Marburg Journal of Religion
- Discipline: Religious studies
- Language: Multilingual
- Edited by: Edith Franke

Publication details
- History: 1996–present
- Publisher: University of Marburg (Germany)
- Frequency: Annual
- Open access: Yes

Standard abbreviations
- ISO 4: Marbg. J. Relig.

Indexing
- ISSN: 1612-2941
- OCLC no.: 44277913

Links
- Journal homepage;

= Marburg Journal of Religion =

The Marburg Journal of Religion is a peer-reviewed online academic journal that publishes articles on empirical and theoretical studies of religion. The first issue was published in April 1996. The original concept was developed by Michael Pye together with his assistant Richard Böhme, who was the first web editor. The editorial team was broadened in 1999 to include Peter Antes (Hannover) and Andreas Grünschloß (Göttingen) and in 2007 Edith Franke (Marburg).
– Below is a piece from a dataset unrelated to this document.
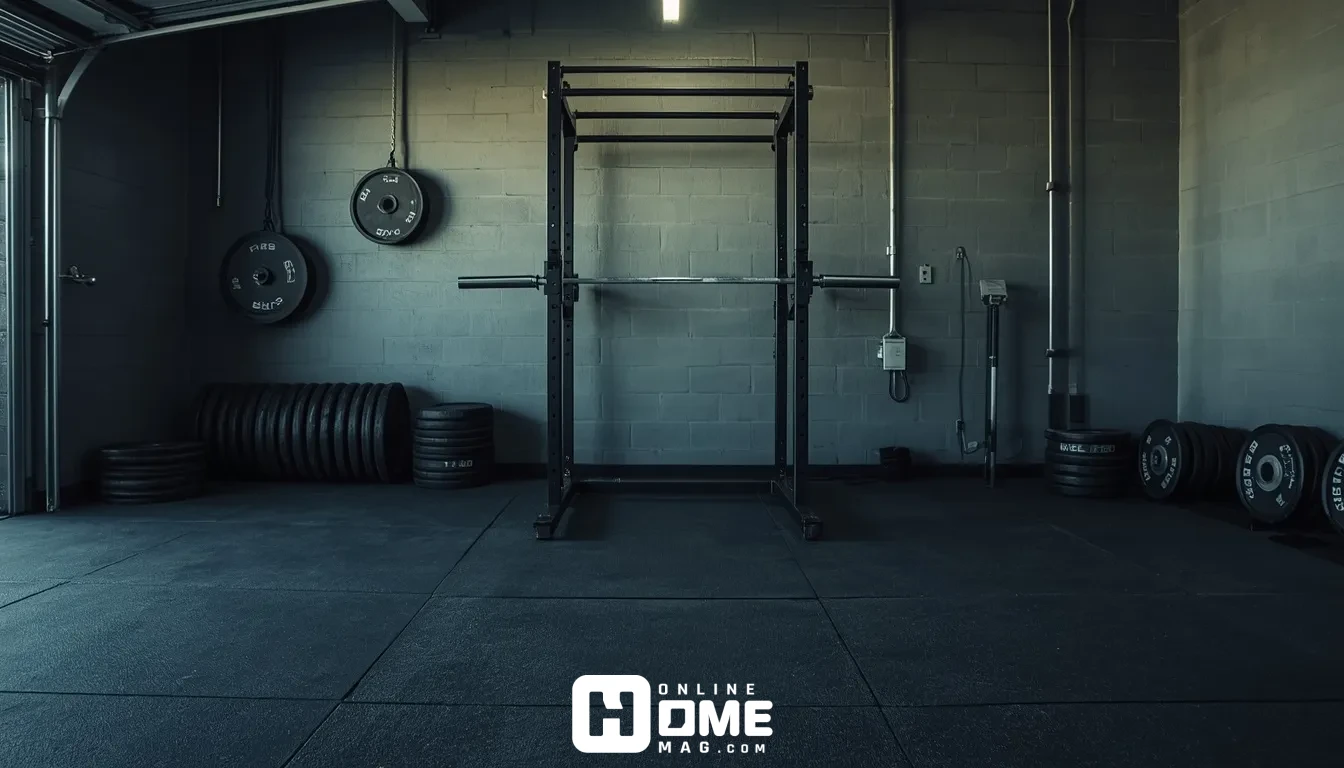 **Image idea 1:** A garage gym with dark rolled rubber flooring, a squat rack, and weight plates neatly arranged along the wall.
Doreen Christen became web editor in 2002. The first separate reviews editor was Monika Schrimpf (from 2001) and this role was taken up by Katja Triplett from 2003.

Papers published in the Marburg Journal of Religion are documented and abstracted in the bibliographical journal Science of Religion, now published by Brill Publishers in Leiden. The abstracts published in the Marburg Journal of Religion itself may be published elsewhere on condition that full documentation of the article is provided.